Davon zu unterscheiden ist ein „mutierter Kapitalismus“ – eine Gesellschaft, in der die kapitalistische Produktionsweise zwar noch dominiert, sich die gesellschaftlichen Strukturen und das Verhältnis der gesellschaftlich relevanten Produktionsweisen im Vergleich zum heutigen (europäisch/nordamerikanischen) Modell aber stark gewandelt haben. Die Frage, wie sich der Kapitalismus im Lauf der nächsten Jahrzehnte weiterentwickeln dürfte, ist relevant, wenn man nicht fest davon überzeugt ist, dass bereit in ein paar Jahren zwangsläufig ein Postkapitalismus der einen oder anderen Art ausbrechen wird. Denn jede spätere postkapitalistische Perspektive wird dann ja zwangsläufig aus einem mutierten oder weiterentwickelten Kapitalismus hervorgehen müssen. Deshalb kann von der Frage, wie es mit dem Kapitalismus weitergehen dürfte, auch dann nicht abgesehen werden, wenn man eigentlich an Postkapitalismen interessiert ist.

Drittens sind auch Zukunftsszenarien denkbar, die zwar grundsätzlich – wenn die Voraussetzungen richtig sind – möglich erscheinen, für die aber keine aus heutiger Sicht plausibel erscheinende Variante des Kapitalismus die nötigen Voraussetzungen schaffen dürfte. Da sie somit den Kapitalismus nicht direkt ablösen können, sind sie keine postkapitalistischen Szenarien im engen Sinne. Wenn solch ein Szenario jedoch aus einer postkapitalistischen Zukunft heraus real werden könnte, handelt es sich um einen Postpostkapitalismus“ – einen Postkapitalismus zweiter Ordnung, für dessen Entstehung erst ein Postkapitalismus die nötigen Voraussetzungen schaffen müsste. Im an Marx orientierten Diskurs wird eine Gesellschaft, die Voraussetzungen für eine andere schafft, gerne als „Übergangsgesellschaft“ bezeichnet. Dieser Begriff ist allerdings fragwürdig, da er ignoriert, dass Gesellschaften in aller Regel ein gewisses Beharrungsvermögen besitzen und sich als langlebiger erweisen, als den Diskutierenden vielleicht vorschwebt. Ob die „Übergangsgesellschaft“ wirklich nur ein Übergangsphänomen von begrenzter Dauer bleiben würde, ist in solchen Fällen somit kritisch zu prüfen.

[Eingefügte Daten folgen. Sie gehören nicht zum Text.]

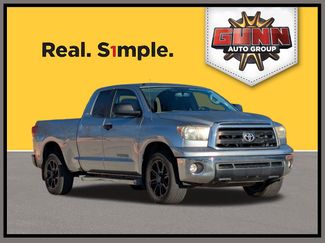 Used 2011 Toyota Tundra 2WD Double Cab w/ SR5 Pkg video 1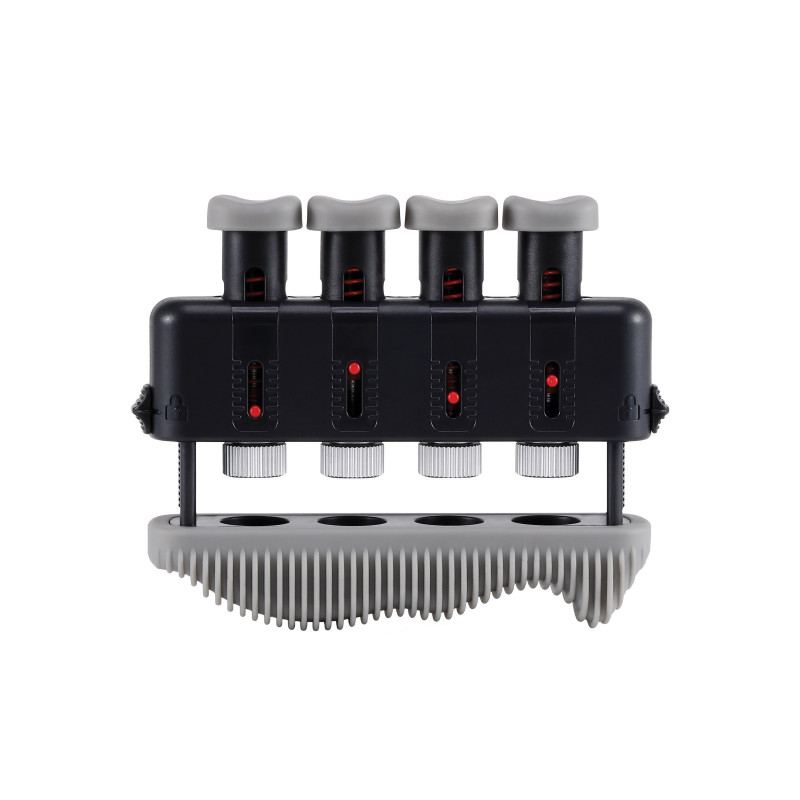D'Addario Planet Waves VGP-01 - Exerciseur à main premium Varigrip+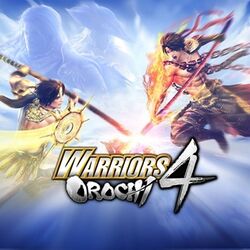 Warriors Orochi 4 decalless.jpg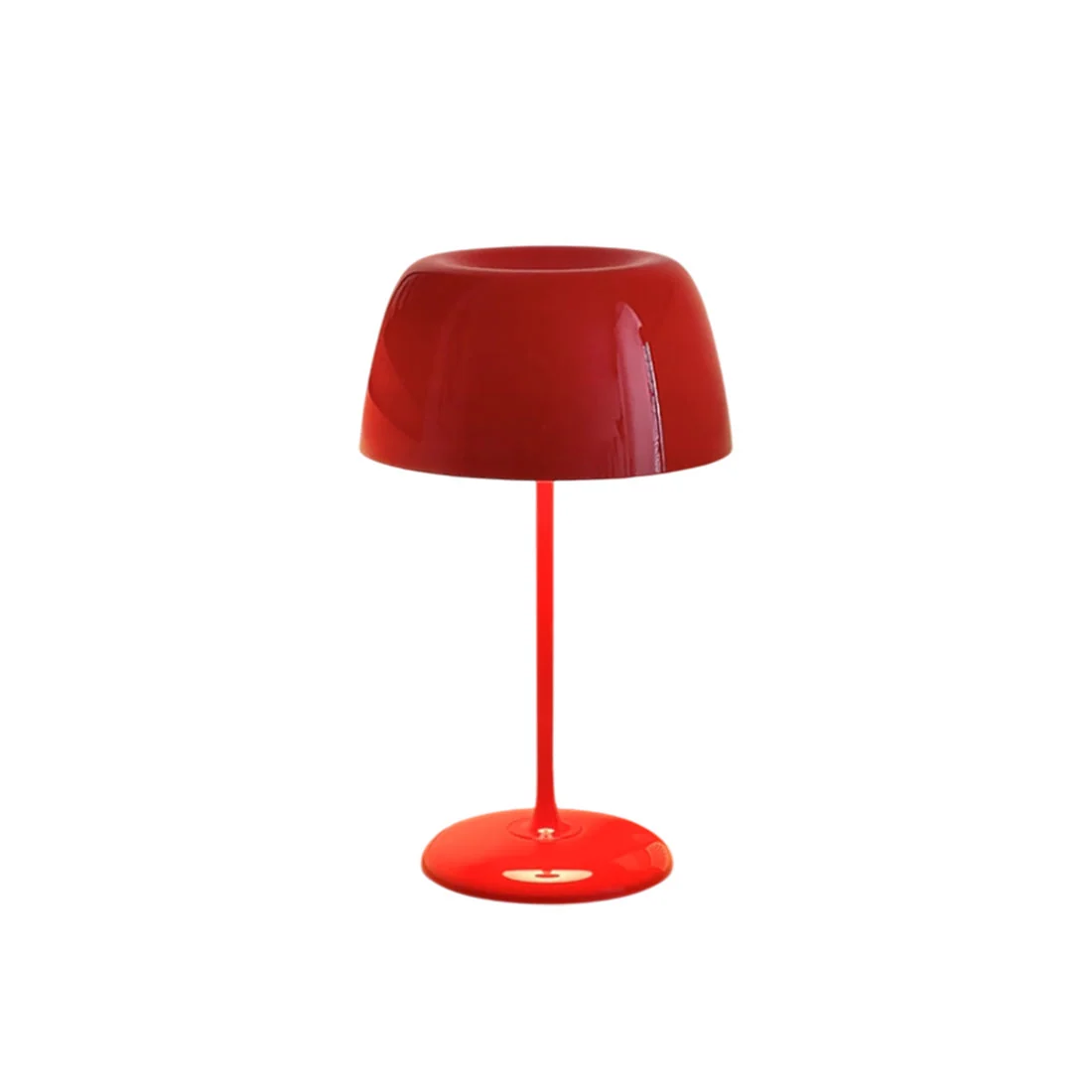 Stylish Fabric Shade Table Lamp for Any Room
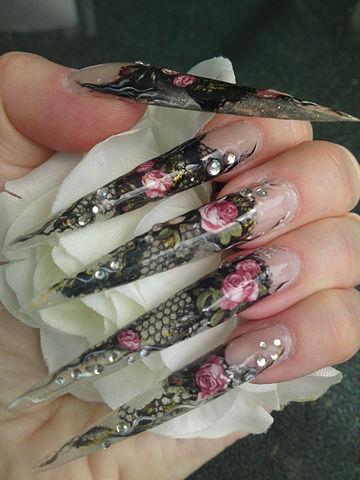  Eyelash Extension & Nail Art-img32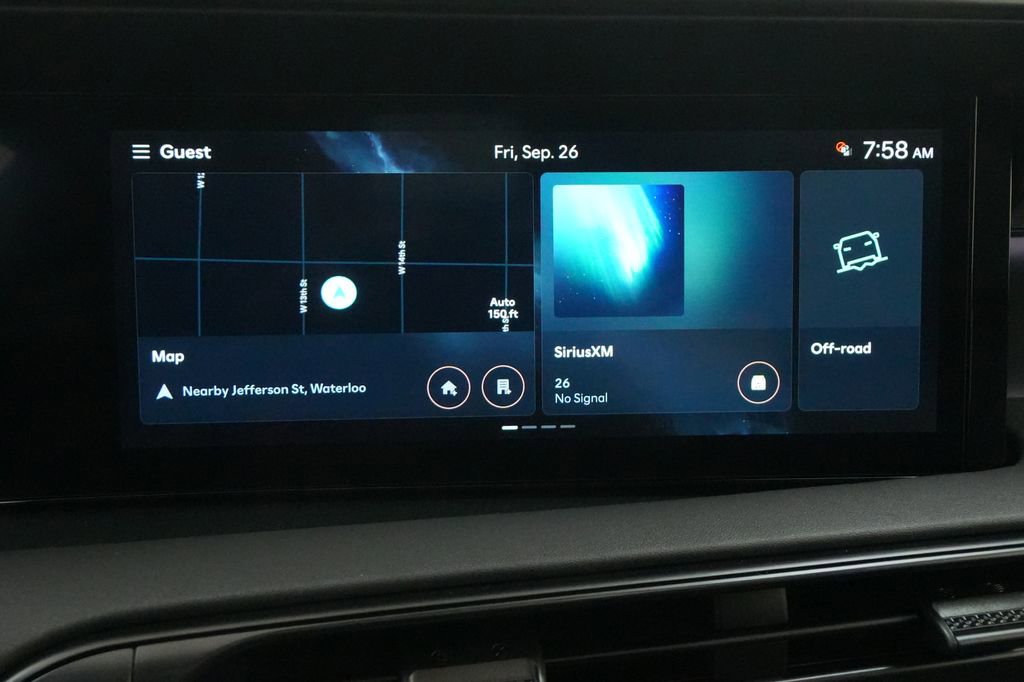 New 2026 Hyundai Palisade XRT Pro image 43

Warum über Zukünfte nachdenken?

Doch was ist überhaupt der Zweck einer derartigen Debatte um mögliche Zukünfte? Sinnvoll ist sie nur unter drei Annahmen:

  1. Die Zukunft ist offen – sie gibt unterschiedliche Möglichkeiten, wie es kommen könnte, und welche davon sich durchsetzen wird, steht heute noch nicht fest. Dies heißt nicht, dass „alles möglich“ ist, sondern jede mögliche Zukunft wird sich sich Rahmen bestimmter, durch Gegenwart und Vergangenheit bereits festgelegter Bedingungen bewegen. Zu den Rahmenbedingungen gehört etwa, dass die Menschheit auf der Erde lebt und bis auf Weiteres mit den hier vorhandenen, endlichen Ressourcen wird auskommen müssen, und dass der menschengemachte Klimawandel zu gravierenden Verwerfungen der irdischen Ökosysteme führen wird, mit denen jede mögliche Zukunft irgendwie wird umgehen müssen.

  2. Zumindest einige der möglichen Zukünfte lassen sich aus heutiger Sicht bereits erahnen. Natürlich nicht in allen Details (wenn ich die Lottozahlen der nächster Woche voraussehen könnte, wäre ich reich, und wenn irgendjemand das könnte, wären Lotterien schon lange in der Versenkung verschwunden), aber doch zumindest in groben, schemenhaften Umrissen.

  3. Heute geführte Debatten haben zumindest eine minimale Chance, Einfluss darauf zu nehmen, welche der möglichen Zukünfte tatsächlich Realität wird.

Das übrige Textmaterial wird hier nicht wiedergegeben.